Fig. 1: Rational attenuation of SARS-CoV-2 WA1/2020.

a Top, genome organization of SARS-CoV-2. Leader sequence (red), transcriptional regulatory sequence within the leader sequence (TRS-L) and within the body (TRS-B) are highlighted in green. Bottom, either the polybasic insert “PRRA” (red) alone or together with ORF6-8 (green) were removed from the WA1/2020 genome. Locations of K164A/H165A and N128S/K129E are indicated at the bottom left of the figure. b Representative images of plaques formed by individual recombinant virus in Vero E6 cells. c Sanger sequencing result of Nsp1-K164A/H165A virus after passage 5. d A549-hACE2 cells were inoculated with indicated virus (n = 3 biological replicates) at multiplicity of infection (MOI) of 0.01. Output virus in the supernatants were determined on Vero E6 cells by plaque assay. e MatTek EpiAirway cells in 24-well plates were inoculated with indicated virus at MOI of 2. Supernatants collected at 2 (n = 6), 24 (n = 6), 48 (n = 5), 72 (n = 4), 96 (n = 3), and 120 (n = 2) hours post-infection (HPI) were titrated using a focus-forming assays biological replicates.
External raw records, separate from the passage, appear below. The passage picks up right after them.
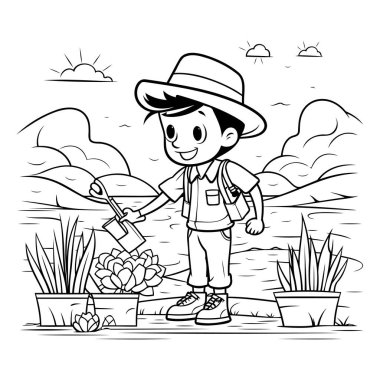 Bahçedeki çiçekleri kürekle sulayan bir çocuk. Vektör illüstrasyonu.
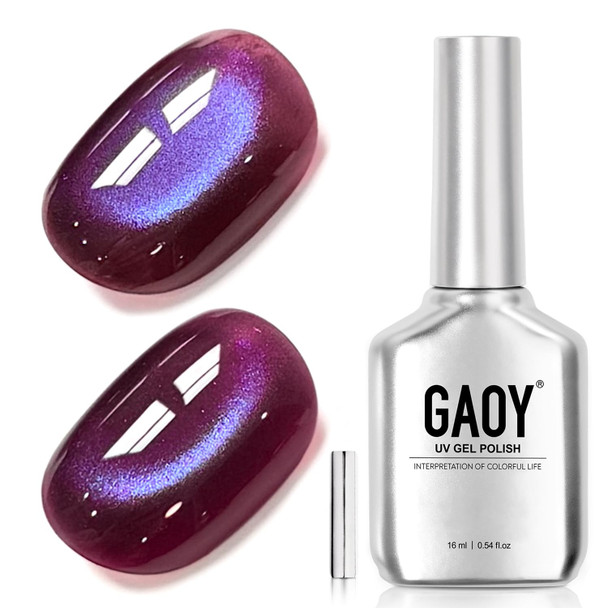 GAOY Glassy Cat Eye Gel Nail Polish, 16ml Glitter Holographic UV Gel Polish with Magnet, Reflective Translucent, 2341 Silvery Moonlight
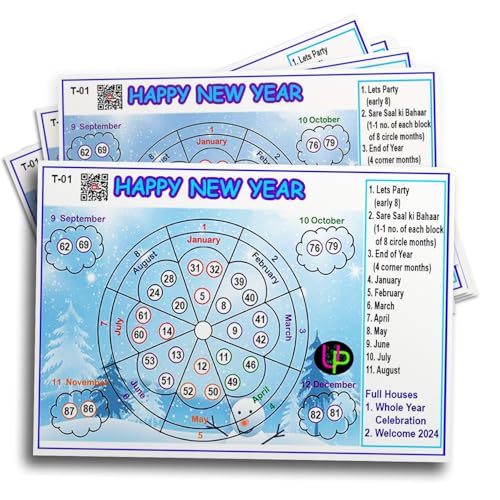 Image of All Ages New Year Blue Theme Tambola Tickets | English | 15 Exciting Tickets for Year-End Party Fun | Interactive Bingo Housie Party Game - (Set of 15 Tickets)
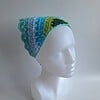 Gehaakte bandana 'Mintgroen, turquoise en donkergroen'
Error bars for d and e indicate standard deviation. Data presented are representatives of two independent experiments with multiple biological replicates. Source data are provided as a Source data file. f MatTek EpiAirway cells from (e) were fixed in 10% formalin followed by immunostaining of nucleocapsid protein (in green) at 1, 2, 3, 5 dpi with one biological replicate per time point. Nuclei were counterstained by DAPI (in blue). Scale bar, 300 μm.